# EXERCISE DESCRIPTION:
Your answer must be an exact copy of the records below, with no pictures in it.

....

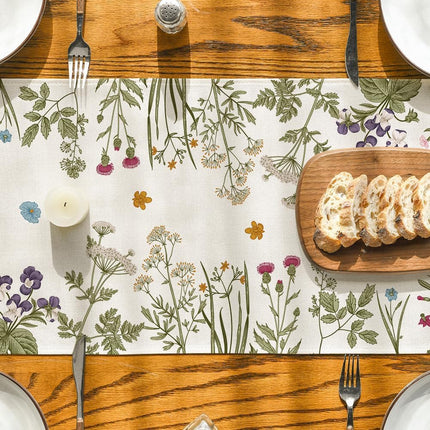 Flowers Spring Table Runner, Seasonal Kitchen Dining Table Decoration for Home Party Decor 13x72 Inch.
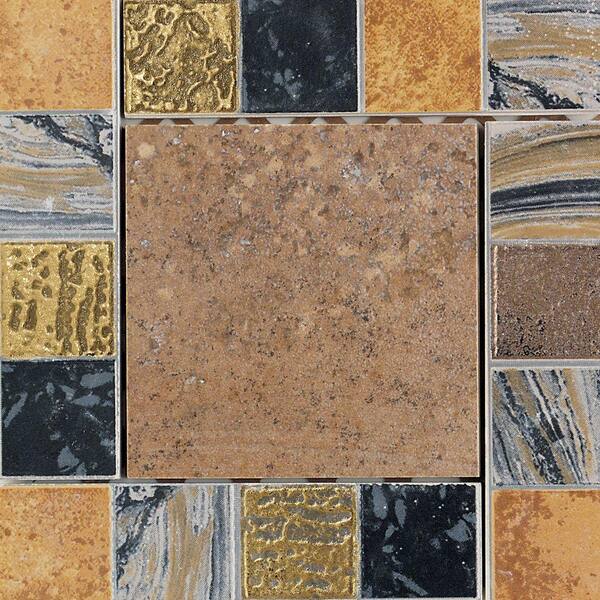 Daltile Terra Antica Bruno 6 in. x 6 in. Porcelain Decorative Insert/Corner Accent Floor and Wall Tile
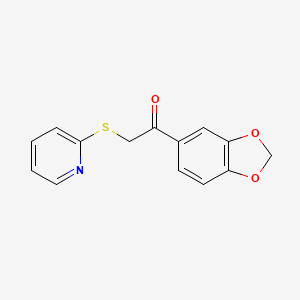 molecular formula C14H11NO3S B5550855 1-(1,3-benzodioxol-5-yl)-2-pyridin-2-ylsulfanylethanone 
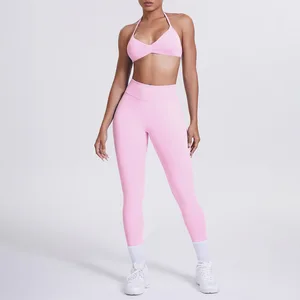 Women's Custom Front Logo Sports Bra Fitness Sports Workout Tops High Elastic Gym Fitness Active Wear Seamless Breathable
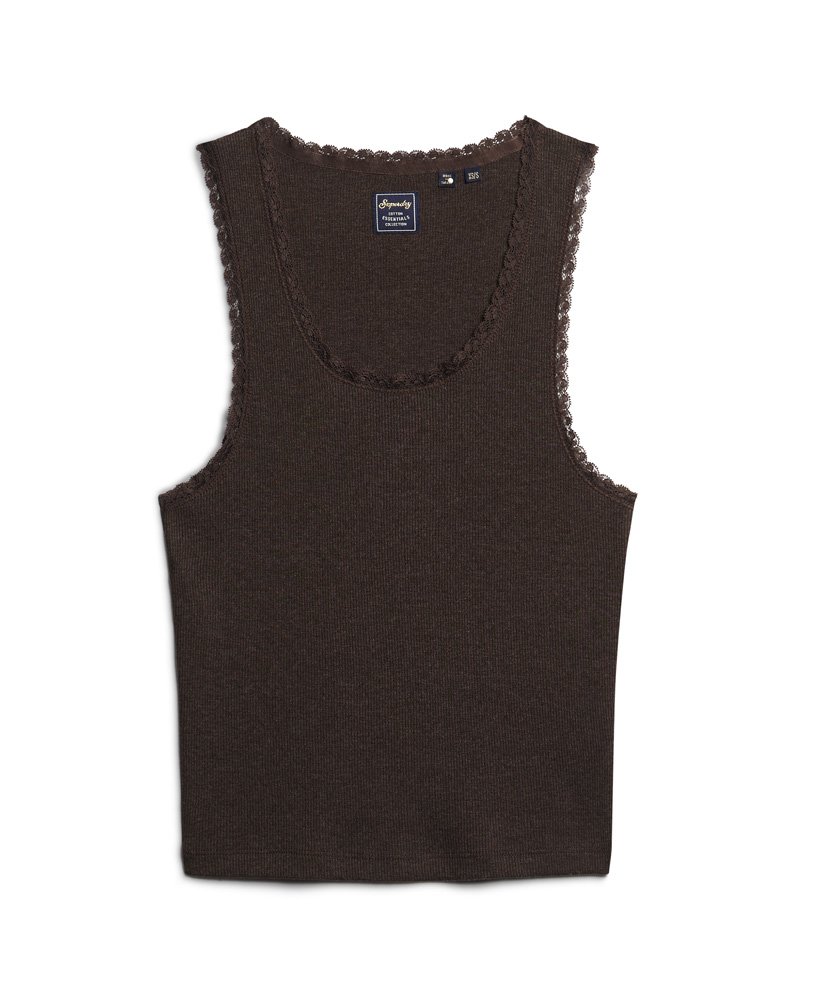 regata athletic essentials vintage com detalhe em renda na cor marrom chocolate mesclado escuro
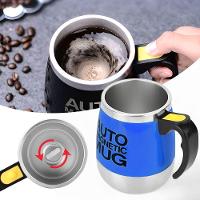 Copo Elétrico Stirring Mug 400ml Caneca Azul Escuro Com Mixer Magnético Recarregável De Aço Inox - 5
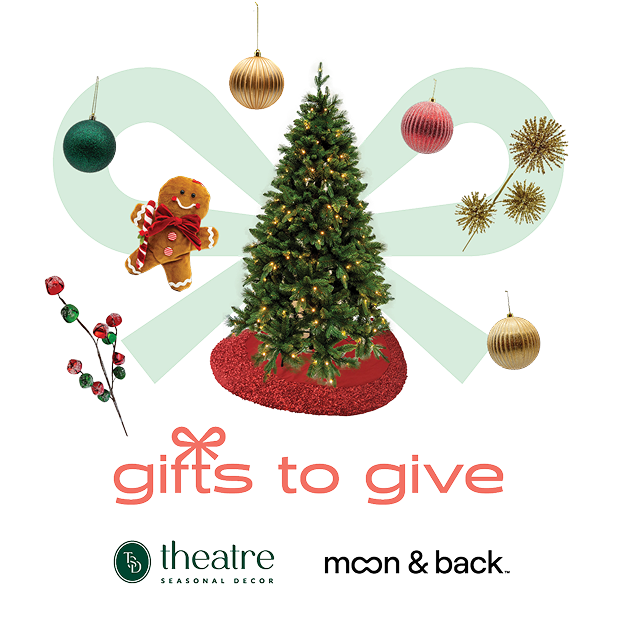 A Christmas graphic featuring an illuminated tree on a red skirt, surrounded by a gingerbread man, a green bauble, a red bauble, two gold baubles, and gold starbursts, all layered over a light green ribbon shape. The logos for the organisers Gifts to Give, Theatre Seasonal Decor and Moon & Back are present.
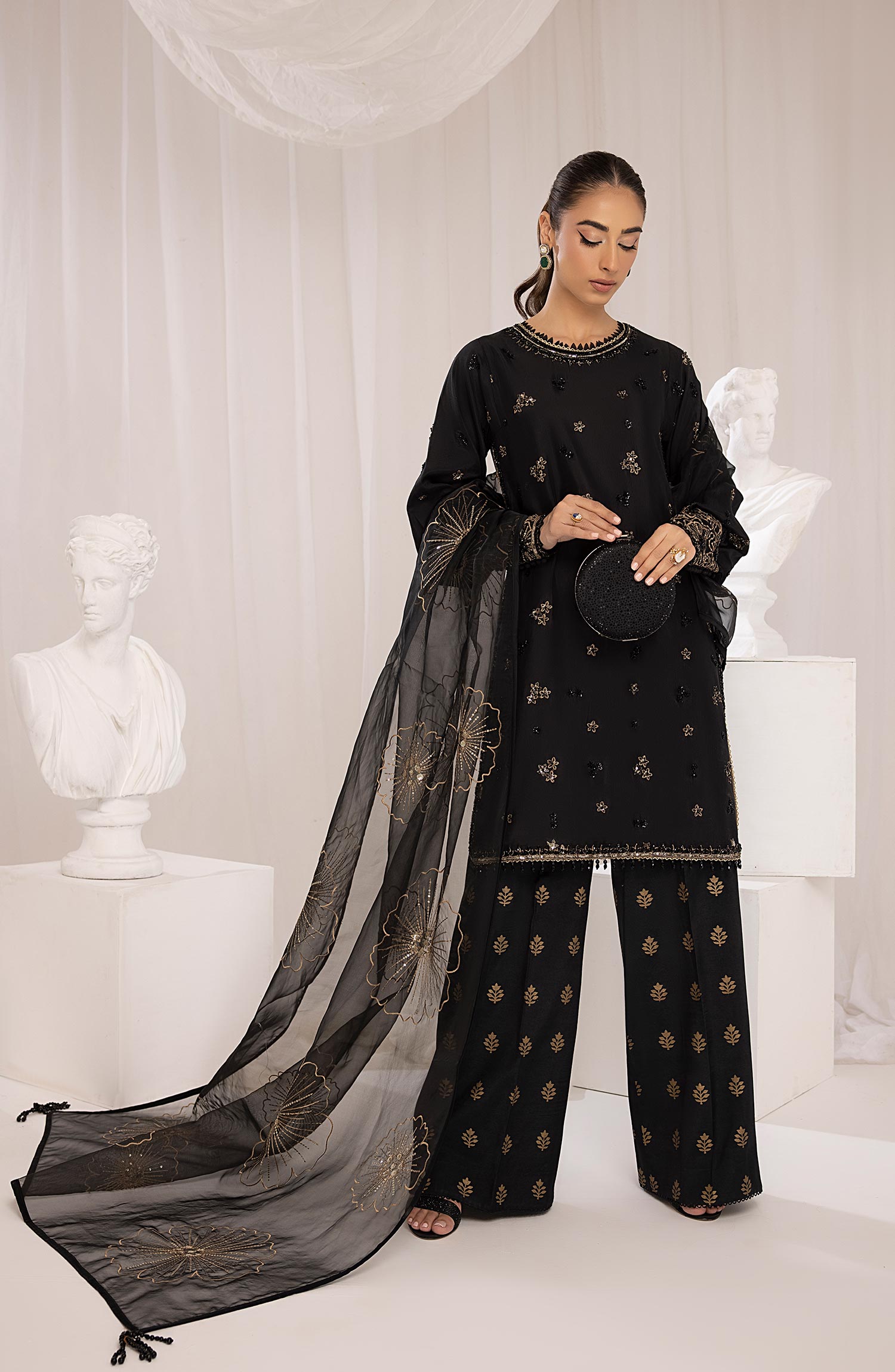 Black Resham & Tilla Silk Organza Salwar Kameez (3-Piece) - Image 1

....

# SOLUTION FOR THIS EXERCISE:
 Flowers Spring Table Runner, Seasonal Kitchen Dining Table Decoration for Home Party Decor 13x72 Inch.
 Daltile Terra Antica Bruno 6 in. x 6 in. Porcelain Decorative Insert/Corner Accent Floor and Wall Tile
 molecular formula C14H11NO3S B5550855 1-(1,3-benzodioxol-5-yl)-2-pyridin-2-ylsulfanylethanone 
 Women's Custom Front Logo Sports Bra Fitness Sports Workout Tops High Elastic Gym Fitness Active Wear Seamless Breathable
 regata athletic essentials vintage com detalhe em renda na cor marrom chocolate mesclado escuro
 Copo Elétrico Stirring Mug 400ml Caneca Azul Escuro Com Mixer Magnético Recarregável De Aço Inox - 5
 A Christmas graphic featuring an illuminated tree on a red skirt, surrounded by a gingerbread man, a green bauble, a red bauble, two gold baubles, and gold starbursts, all layered over a light green ribbon shape. The logos for the organisers Gifts to Give, Theatre Seasonal Decor and Moon & Back are present.
 Black Resham & Tilla Silk Organza Salwar Kameez (3-Piece) - Image 1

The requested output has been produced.